Elizabeth volunteered for the mission to Clarefield; as Simon's lover, she felt she had a score to settle with Theo (see "The Long Road"). She and Kurdy become closer at the end of the episode.

Keith was one of the nerds in "The Long Road".

Jacob Rutledge, an electronics specialist originally from Montana, was recruited by Thunder Mountain six years ago aged twenty. He asked for his sister, Deborah, to join him, but his request was refused. He has been in radio contact with her, and she knows of Thunder Mountain. The council eventually decide to sentence him to a year's ban on the use of communication equipment.

Theo says if she had her time over she would "kill a hundred Matthews, a thousand Simons, if it meant protecting my people". She perceptively points out that deciding who the bad guys and the good guys are seems to have always come easily to Jeremiah. She also points out that her ethical stance is similar to Jeremiah's - they're both ready to kill to protect their own - but that Jeremiah considers himself to be more moral than Theo is.

Theo was raped when she was thirteen. She got a chance to shoot her attacker and fled, pursued by a posse.


"You're not exactly alone man, I'm here." "Yeah, like I said, somebody's got it in for my ass." - Jeremiah and Kurdy.

Theo: "Didn't the Big Death teach you anything?" Jeremiah: "It taught me that life is precious." Theo: "That's funny - it taught me life is cheap."


Erin refers to the law of parsimony, more popularly known as "Occam's razor", which traditionally holds that of competing explanations, the simplest is preferable and that when looking for an explanation for an unknown phenomenon, one should proceed from what is already known. The theory is named after William of Occam (or Ockham), a English monk and scholar born in the thirteenth century, who wrote "Pluralitas non est ponenda sine neccesitate" ("Pluralities should not be posited without necessity").

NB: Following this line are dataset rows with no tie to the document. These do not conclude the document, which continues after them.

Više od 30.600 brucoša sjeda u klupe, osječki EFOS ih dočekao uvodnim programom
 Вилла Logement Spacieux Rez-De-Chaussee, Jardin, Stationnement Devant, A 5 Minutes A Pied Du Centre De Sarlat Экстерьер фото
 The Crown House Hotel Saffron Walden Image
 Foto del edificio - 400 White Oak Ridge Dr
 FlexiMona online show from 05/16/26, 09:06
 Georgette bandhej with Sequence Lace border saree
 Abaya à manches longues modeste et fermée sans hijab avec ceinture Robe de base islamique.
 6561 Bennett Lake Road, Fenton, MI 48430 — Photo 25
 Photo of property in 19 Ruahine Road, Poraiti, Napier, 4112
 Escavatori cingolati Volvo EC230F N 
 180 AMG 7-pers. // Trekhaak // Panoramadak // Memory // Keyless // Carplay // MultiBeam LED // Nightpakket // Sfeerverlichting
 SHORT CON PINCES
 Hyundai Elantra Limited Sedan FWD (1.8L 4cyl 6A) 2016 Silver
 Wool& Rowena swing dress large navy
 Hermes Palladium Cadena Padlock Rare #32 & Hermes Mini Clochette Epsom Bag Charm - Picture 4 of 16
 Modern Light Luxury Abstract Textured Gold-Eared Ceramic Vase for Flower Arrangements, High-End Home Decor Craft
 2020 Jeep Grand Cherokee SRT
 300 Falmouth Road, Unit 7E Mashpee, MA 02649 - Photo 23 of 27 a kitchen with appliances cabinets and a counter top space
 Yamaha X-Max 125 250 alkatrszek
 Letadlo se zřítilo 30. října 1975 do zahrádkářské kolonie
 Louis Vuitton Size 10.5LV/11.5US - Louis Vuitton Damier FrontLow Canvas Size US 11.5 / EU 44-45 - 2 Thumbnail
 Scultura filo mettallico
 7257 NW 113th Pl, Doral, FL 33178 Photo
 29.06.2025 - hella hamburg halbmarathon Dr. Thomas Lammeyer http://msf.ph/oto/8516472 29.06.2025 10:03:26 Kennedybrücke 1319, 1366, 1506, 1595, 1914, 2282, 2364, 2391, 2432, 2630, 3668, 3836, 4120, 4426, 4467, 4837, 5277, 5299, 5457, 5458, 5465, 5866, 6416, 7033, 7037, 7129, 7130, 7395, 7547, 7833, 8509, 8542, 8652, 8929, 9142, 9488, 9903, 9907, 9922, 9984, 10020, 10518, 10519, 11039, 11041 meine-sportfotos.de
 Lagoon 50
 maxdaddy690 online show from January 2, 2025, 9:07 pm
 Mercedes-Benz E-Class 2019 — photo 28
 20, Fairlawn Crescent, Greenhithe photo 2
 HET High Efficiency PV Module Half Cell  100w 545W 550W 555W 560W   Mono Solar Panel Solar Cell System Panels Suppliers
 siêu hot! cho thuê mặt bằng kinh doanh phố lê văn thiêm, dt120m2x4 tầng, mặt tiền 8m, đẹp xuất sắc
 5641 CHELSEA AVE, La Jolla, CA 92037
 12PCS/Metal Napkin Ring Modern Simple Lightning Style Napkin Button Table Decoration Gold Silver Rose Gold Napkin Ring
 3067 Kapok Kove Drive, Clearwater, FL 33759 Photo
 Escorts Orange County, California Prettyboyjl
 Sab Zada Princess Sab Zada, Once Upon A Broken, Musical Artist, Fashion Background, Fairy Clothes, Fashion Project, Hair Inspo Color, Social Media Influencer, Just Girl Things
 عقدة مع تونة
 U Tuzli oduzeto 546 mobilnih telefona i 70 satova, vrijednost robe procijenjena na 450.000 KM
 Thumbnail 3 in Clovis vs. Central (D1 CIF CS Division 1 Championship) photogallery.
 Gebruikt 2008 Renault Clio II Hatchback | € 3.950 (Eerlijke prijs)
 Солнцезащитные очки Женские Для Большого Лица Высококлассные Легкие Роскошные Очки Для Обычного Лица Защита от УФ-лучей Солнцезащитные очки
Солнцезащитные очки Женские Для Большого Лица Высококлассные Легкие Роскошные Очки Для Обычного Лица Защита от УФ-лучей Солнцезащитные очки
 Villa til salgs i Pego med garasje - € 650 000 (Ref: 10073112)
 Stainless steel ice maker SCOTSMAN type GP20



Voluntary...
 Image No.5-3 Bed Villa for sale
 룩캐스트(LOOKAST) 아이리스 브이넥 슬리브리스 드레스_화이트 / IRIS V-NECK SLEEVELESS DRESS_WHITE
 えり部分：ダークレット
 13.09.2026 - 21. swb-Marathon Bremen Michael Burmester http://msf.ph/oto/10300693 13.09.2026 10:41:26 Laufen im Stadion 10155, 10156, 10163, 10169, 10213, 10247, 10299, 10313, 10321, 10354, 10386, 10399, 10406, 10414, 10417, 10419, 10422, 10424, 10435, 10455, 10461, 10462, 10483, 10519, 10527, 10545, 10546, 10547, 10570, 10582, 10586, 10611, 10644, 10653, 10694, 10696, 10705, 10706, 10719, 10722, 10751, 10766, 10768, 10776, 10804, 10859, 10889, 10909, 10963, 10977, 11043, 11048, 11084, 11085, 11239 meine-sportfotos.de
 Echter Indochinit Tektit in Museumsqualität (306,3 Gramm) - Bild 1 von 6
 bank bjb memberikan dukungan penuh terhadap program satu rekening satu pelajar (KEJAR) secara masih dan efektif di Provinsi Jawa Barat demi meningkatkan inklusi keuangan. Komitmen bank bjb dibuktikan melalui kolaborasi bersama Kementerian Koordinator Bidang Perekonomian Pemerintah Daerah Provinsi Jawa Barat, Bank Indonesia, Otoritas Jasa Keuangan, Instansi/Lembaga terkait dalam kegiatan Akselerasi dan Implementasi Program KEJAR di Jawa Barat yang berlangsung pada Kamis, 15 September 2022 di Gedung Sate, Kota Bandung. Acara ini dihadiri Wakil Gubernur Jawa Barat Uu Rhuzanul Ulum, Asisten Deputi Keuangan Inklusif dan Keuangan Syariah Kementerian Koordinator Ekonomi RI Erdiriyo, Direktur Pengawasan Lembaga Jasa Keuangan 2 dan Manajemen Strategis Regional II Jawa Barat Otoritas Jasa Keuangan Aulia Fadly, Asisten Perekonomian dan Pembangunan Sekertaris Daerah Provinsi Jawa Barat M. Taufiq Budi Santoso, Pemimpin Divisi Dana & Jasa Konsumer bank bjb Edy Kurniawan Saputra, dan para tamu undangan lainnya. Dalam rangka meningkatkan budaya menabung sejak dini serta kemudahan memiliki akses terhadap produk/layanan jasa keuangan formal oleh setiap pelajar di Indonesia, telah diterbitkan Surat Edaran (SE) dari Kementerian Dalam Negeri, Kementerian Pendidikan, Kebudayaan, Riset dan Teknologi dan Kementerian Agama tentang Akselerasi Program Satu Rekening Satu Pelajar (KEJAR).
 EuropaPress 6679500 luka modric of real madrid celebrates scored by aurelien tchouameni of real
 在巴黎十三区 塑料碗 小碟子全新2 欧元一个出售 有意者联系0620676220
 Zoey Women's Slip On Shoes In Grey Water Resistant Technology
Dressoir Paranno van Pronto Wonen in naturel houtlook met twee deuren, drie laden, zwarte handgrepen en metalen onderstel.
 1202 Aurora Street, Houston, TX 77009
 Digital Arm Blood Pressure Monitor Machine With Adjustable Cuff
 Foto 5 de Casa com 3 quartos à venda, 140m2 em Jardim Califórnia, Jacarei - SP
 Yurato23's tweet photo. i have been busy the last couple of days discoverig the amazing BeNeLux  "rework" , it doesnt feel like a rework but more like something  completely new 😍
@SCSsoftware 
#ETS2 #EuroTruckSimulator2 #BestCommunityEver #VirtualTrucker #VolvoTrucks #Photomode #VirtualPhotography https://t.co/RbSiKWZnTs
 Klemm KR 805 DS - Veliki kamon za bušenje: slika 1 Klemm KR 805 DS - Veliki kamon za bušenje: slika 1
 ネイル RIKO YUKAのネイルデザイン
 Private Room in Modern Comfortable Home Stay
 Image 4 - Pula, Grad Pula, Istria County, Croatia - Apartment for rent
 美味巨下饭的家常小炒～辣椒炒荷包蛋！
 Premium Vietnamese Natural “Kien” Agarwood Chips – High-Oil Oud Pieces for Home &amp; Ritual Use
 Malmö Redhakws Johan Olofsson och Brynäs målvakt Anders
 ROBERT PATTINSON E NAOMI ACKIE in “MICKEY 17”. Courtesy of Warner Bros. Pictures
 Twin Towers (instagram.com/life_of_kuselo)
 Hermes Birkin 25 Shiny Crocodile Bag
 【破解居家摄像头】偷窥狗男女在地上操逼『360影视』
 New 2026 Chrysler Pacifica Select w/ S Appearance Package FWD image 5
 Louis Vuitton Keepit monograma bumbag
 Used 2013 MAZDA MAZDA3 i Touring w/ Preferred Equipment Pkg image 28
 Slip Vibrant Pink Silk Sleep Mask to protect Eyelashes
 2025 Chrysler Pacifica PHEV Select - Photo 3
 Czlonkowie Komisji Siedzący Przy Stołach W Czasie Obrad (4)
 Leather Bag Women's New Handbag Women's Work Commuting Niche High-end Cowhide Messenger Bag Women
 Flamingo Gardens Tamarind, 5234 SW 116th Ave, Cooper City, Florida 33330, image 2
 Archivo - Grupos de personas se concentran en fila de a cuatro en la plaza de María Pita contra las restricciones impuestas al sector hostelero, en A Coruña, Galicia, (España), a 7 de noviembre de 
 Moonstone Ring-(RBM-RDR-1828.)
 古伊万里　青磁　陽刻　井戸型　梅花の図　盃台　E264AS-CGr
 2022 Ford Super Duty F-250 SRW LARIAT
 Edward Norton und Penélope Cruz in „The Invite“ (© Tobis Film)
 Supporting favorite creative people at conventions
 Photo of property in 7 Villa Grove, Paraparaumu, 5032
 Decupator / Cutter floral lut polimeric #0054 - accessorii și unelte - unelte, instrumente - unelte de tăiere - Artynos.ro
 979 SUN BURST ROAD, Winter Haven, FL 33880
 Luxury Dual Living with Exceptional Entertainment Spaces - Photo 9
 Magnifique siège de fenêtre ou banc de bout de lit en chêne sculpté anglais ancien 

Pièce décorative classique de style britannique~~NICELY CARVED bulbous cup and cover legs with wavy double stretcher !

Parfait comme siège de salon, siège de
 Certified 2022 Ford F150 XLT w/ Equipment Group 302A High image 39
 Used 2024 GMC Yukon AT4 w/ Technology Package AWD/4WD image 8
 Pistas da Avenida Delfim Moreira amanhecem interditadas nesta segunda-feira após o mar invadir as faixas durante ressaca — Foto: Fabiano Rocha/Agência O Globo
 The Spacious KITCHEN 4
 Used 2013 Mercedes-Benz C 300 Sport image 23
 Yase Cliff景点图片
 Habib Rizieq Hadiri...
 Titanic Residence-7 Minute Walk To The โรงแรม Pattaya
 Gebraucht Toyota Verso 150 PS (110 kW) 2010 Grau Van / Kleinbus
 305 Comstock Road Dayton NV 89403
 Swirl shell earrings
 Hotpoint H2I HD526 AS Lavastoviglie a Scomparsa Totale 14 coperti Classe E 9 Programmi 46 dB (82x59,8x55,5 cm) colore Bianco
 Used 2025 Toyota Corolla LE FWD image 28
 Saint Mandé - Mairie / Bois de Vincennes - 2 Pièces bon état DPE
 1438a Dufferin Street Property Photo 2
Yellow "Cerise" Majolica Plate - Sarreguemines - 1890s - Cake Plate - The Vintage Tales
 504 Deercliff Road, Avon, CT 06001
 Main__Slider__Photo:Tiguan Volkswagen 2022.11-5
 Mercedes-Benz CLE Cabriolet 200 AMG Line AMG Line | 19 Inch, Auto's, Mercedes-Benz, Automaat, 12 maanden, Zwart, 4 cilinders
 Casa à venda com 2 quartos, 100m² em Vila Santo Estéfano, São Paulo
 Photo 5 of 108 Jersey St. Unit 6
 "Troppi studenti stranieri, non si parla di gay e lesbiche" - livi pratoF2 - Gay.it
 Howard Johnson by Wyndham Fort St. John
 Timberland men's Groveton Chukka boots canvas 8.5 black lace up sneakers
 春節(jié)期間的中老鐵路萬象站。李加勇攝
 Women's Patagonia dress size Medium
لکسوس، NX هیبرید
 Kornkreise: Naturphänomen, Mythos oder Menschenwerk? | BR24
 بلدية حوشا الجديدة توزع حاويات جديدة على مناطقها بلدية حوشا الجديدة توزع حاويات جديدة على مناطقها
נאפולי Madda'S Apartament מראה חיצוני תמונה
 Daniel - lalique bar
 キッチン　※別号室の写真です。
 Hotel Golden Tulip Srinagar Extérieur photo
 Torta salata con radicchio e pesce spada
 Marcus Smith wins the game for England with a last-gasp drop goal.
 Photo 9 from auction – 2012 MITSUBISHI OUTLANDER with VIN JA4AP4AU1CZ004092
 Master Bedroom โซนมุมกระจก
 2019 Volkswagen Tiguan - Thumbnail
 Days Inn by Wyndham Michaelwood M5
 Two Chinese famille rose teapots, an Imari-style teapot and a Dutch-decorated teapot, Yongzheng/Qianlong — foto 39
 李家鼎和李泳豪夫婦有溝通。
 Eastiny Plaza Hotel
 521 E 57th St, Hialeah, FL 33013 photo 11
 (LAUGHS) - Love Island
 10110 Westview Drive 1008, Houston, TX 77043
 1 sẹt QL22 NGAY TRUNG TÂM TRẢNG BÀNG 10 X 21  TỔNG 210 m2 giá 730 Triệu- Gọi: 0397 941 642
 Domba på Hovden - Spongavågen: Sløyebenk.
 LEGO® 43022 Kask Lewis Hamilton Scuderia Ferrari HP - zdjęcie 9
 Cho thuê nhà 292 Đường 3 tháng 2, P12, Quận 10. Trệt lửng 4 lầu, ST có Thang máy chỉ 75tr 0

The motto of Clarefield market - "one thing for another" - rather neatly summarises the plot.

Rasmussen has two marks on his left cheek, and Sam has three. Theo has a red streak running down from her right eye and three red marks on her right cheek. Are these signs of rank in Clarefield?

We glimpse a little more of the way Thunder Mountain is ruled in this episode; Markus appears to chair a council of about nine people, including both Erin and Lee. It seems that the group debate an issue and then Markus makes an executive decision. The strain of this is getting to Markus, and he passes responsibility for the decision about Jacob back to the council. Is this the first time in fifteen years that a problem has divided them? What form of judicial system do they normally use, or do they just expel those who break the rules? Expelling someone from Thunder Mountain may not be a good idea given the secrecy of the place - think what Theo would give for what Jacob knows. This helps to explain why they are reluctant to let anyone in until they're sure they can be trusted.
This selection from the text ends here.